The study, conducted by a team of Danish researchers, is said to be the first to look at the combined influence of leisure-time physical activity and weekly alcohol intake on the risk of fatal ischemic heart disease and deaths from all causes. The researchers note that both physical activity and light to moderate alcohol intake are known to have beneficial effects on the circulatory system, but whether one of these two modifiable factors may compensate for the effect of the other or whether both of them are important for cardiovascular health and health in general is not yet clarified. They therefore conducted a study to estimate the combined influence of leisure-time physical activity and weekly alcohol intake on the risk of subsequent fatal heart disease and all-cause mortality.

They examined data on 11,914 Danish men and women aged 20 years or more and without CHD at baseline who were part of the Copenhagen City Heart Study. In this population study, participants completed a questionnaire regarding various health-related issues, including leisure-time physical activity and weekly alcohol intake, and underwent a physical examination.

Physical activity was divided into three categories: physically inactive; low level of activity — light physical activity for two to four hours a week (walking, cycling, light gardening, light physical exercise); or moderate to high level of physical activity — light physical activity for more than four hours a week or more vigorous activity for two or more hours a week. Alcohol intake was classified as nondrinkers (less than one drink a week), moderate drinkers (one to 14 drinks a week), and heavy drinkers (15 or more drinks a week).

During the 20 years of follow-up, 1242 cases of fatal heart disease occurred and 5901 participants died from all causes. Within both genders, being physically active was associated with lower risks of both fatal IHD and all-cause mortality than being physically inactive. Further, weekly alcohol intake was inversely associated with fatal heart disease and had a U-shaped association with all-cause mortality. Within each level of physical activity, nondrinkers had the highest risk of fatal heart disease, whereas both nondrinkers and heavy drinkers had the highest risk of all-cause mortality. Further, the physically inactive had the highest risk of both fatal heart disease and all-cause mortality within each category of weekly alcohol intake.

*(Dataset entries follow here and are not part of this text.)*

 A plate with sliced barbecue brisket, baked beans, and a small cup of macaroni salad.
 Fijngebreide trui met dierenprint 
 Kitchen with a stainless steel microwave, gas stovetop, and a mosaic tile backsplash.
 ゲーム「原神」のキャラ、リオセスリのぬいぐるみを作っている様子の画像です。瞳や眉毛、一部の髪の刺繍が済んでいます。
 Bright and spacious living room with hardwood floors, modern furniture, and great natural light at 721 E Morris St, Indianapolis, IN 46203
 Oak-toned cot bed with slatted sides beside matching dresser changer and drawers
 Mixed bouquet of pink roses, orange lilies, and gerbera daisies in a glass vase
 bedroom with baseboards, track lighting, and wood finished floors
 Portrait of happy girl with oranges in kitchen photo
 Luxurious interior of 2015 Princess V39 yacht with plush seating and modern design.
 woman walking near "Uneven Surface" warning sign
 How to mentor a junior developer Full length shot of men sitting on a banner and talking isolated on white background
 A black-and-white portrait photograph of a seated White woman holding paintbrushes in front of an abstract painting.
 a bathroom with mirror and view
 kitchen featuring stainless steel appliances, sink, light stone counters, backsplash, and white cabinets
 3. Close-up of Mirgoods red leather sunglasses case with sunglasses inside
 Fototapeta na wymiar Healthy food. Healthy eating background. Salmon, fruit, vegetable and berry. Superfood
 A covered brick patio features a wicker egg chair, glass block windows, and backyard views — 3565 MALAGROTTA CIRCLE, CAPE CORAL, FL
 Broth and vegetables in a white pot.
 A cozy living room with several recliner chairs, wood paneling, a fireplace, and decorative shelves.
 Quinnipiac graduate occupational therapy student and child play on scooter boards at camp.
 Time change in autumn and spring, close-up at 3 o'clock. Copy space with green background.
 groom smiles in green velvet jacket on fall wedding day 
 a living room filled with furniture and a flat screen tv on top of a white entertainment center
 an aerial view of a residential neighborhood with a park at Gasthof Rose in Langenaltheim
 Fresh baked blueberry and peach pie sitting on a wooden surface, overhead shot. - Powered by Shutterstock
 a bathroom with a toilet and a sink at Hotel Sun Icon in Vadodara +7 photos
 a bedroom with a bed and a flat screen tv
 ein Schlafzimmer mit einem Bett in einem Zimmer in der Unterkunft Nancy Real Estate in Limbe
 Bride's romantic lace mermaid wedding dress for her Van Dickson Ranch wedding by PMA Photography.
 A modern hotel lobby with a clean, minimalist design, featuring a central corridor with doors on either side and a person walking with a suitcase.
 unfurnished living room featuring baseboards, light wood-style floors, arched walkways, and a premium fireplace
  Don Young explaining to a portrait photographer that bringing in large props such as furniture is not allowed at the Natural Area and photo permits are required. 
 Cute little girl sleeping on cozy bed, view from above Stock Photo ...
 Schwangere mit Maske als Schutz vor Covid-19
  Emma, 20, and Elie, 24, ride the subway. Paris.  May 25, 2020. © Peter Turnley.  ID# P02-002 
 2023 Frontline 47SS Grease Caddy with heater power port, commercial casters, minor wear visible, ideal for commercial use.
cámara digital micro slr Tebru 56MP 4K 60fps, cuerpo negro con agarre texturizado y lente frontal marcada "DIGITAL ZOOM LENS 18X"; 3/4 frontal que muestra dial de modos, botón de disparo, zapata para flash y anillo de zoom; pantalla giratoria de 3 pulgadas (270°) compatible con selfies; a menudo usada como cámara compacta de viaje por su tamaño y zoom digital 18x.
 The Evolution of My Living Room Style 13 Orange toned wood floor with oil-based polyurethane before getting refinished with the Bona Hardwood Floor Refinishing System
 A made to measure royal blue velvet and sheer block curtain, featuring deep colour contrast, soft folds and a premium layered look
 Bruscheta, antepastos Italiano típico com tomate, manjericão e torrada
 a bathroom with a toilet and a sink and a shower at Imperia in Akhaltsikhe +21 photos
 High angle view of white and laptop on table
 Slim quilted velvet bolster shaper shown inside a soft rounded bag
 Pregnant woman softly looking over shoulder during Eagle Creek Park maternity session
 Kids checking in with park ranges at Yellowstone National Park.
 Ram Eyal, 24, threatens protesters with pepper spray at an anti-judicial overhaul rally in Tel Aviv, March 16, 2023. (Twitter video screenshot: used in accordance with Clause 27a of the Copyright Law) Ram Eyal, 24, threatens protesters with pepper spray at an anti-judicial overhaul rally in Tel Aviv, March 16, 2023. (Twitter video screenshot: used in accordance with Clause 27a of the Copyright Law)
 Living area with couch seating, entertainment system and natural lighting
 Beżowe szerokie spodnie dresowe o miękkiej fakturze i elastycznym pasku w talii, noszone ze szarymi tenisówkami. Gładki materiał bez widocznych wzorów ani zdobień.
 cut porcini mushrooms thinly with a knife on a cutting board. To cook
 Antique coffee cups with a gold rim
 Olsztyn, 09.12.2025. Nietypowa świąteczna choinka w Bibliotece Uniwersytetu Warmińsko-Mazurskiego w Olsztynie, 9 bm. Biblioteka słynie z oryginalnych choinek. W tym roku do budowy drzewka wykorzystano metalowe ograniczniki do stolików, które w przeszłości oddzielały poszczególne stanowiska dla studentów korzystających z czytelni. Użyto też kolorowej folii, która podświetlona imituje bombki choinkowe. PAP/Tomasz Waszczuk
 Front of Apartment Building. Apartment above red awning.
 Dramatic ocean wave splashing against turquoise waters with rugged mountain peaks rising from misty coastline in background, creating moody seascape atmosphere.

Dr Morten Grønbæk (National Institute of Public Health, Copenhagen), senior author of the study, said: "Our study shows that being both physically active and drinking a moderate amount of alcohol is important for lowering the risk of both fatal IHD and death from all causes. For both men and women, being physically active was associated with a significantly lower risk for both fatal IHD and all-cause mortality than being physically inactive, and drinking alcohol was associated with a lower risk of fatal IHD than abstaining. A weekly moderate alcohol intake reduced the risk of all-cause mortality among both men and women, whereas the risk among heavy drinkers was similar to nondrinkers."

Lead author Dr Jane Østergaard Pedersen (National Institute of Public Health) commented: "Another important finding is that physical activity can reverse some of the adverse health effects associated with alcohol abstention. People who did not drink but whose physical activity was moderate or high had a lower risk of IHD than the inactive nondrinkers."

Pedersen added: "The lowest risk of death from all causes was observed among the physically active moderate drinkers and the highest risk as seen among the physically inactive non- and heavy drinkers. Thus, both moderate to high levels of physical activity and a moderate alcohol intake are important for lowering the risk of fatal IHD and deaths from all causes."

Practice Pearls:

  • Physical activity vs inactivity is associated with reduction in IHD and all-cause mortality.
  • Moderate alcohol intake weekly is associated with reduced IHD and all-cause mortality, and the highest reduction in the risk for IHD is seen in those who are also physically active. 

Source: Diabetes In Control: Østergaard Pedersen J, Heitmann BL, Schnohr P, Grønbæk M. The combined influence of leisure-time physical activity and weekly alcohol intake on fatal ischaemic heart disease and all-cause mortality. Eur Heart J. 2008; DOI:10.1093/eurheartj/ehm574.